O projeto de resolução, que não tem o valor de lei e é, na prática, uma recomendação ao Governo, obrigará a uma votação e a uma definição da parte do PS, partido do Governo, que tem o apoio parlamentar do BE, PCP e PEV.
O texto, afirmou Catarina Martins, vai "sugerir a reposição do financiamento ao nível" de 2009 que, admitiu, era escasso.
"O Governo já devia ter resolvido o problema e não há ninguém que compreenda que ele não se resolva", afirmou.
"O Ministério da Cultura fez erros muitos graves este ano" na questão dos concursos, disse, horas depois de o ministro ter anunciado, na RTP, mais um reforço de verbas e a revisão do modelo de financiamento.
Para a líder bloquista, o "Governo errou clamorosamente", "é bom que o ministro da Cultura reconheça o erro, é grave que tenha errado e devia ter prevenido".
O BE, lembrou, aliás, "chamou a atenção para esta questão várias vezes".
A solução "vai exigir mais financiamento, mais dotação financeira" ao nível do financiamento de 2009, que são verbas muito baixas, "quase inexistentes do ponto de vista do Orçamento do Estado".
"Lembro que para toda a cultura [o valor] é 0,2%, o que arredondado dá zero", ironizou.
E porque não "é preciso inventar a roda", é preciso "não deixar" que "fechem as portas" às "estruturas que trabalham com escolas, fazem as agendas culturais" ou "fazem com que cada um tenha acesso ao conhecimento, à arte ou poder pensar sobre si próprio".
No texto da resolução, divulgado hoje à tarde, os bloquistas propõem medidas urgentes de reforço e correção do financiamento às artes nos concursos da Direção-Geral das Artes (DGArtes), a começar pela exigência ao Governo para que, "no imediato, reforce o financiamento dos concursos" para "um nível mínimo não inferior ao financiamento alocado a estes concursos em 2009" -- cerca de 20 milhões de euros.

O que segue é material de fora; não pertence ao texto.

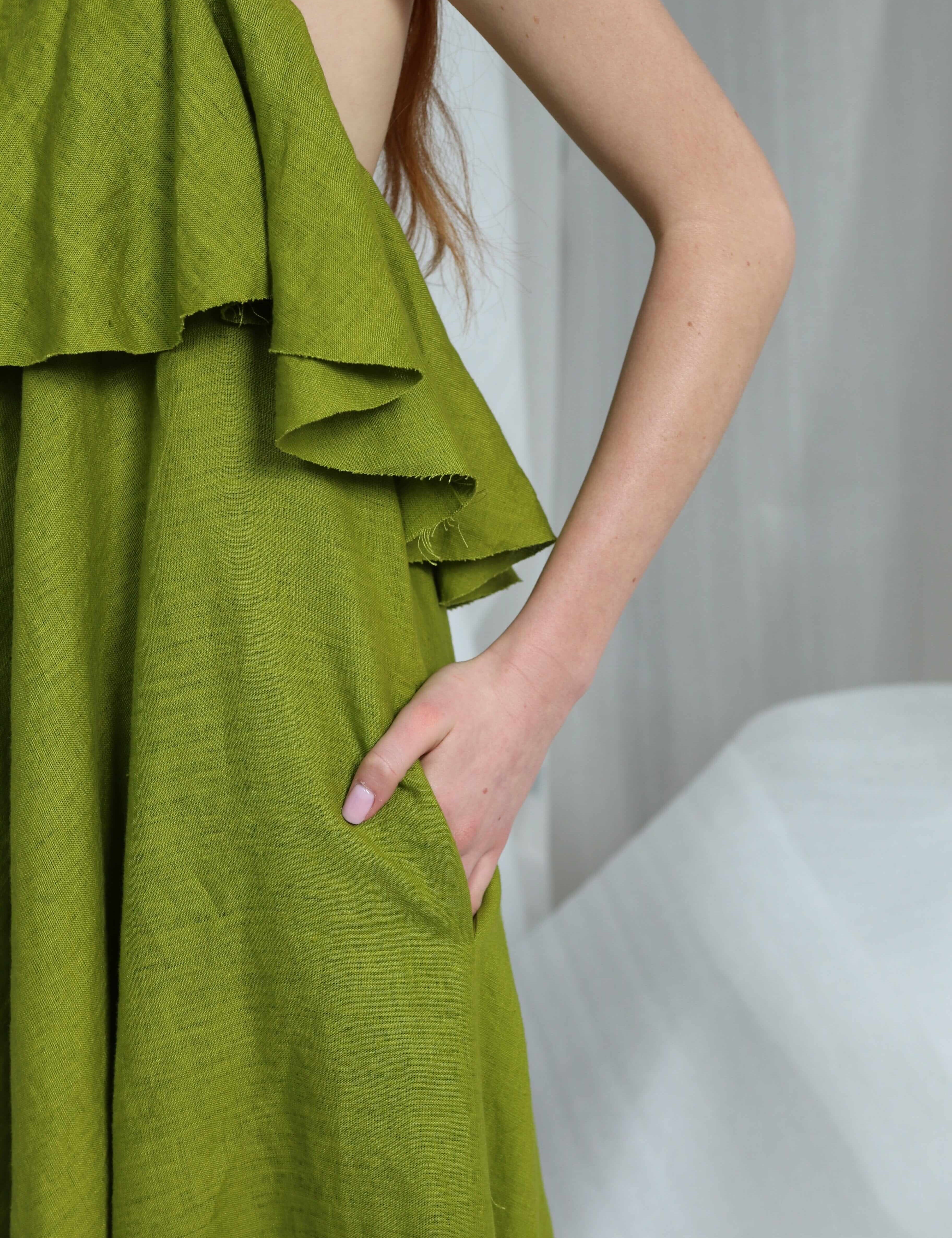  Green Linen Midi Dress Product Amoralle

O BE requer ainda que o Executivo faça o "necessário balanço do processo de reformulação e da aplicação do novo modelo de apoio às artes e corrija as suas distorções".
Outro dos pontos é que "corrija a decisão dos júris dos concursos a apoios sustentados às artes no que for necessário para garantir que nenhuma estrutura no terreno, e em funções de serviço público desde o início do ano, seja obrigada a cessar atividade".
Catarina Martins não considera que o ministro da Cultura tenha que retirar consequências políticas deste caso, mas afirmou: "Não basta ter um Ministério da Cultura. É preciso ter uma estratégia de política cultural."
Na segunda-feira, o BE pediu para ouvir no parlamento a diretora-geral das Artes e o ministro da Cultura sobre os resultados provisórios dos concursos ao Programa de Apoio Sustentado 2018-2021 da Direção-Geral das Artes, que considera não serem aceitáveis.
Os resultados provisórios dos concursos ao Programa de Apoio Sustentado 2018-2021 da Direção-Geral das Artes, conhecidos na sexta-feira, têm suscitado protestos de companhias e criadores.
Estes resultados garantem apoio estatal a 50 candidaturas das 89 avaliadas na área do teatro, ficando de fora 39 estruturas, como o Teatro Experimental de Cascais, o Teatro Experimental do Porto, a Seiva Trupe, o Festival Internacional de Marionetas e Festival Internacional de Teatro de Expressão Ibérica (FITEI), O Teatrão e Escola da Noite, em Coimbra, e o Centro Dramático de Évora.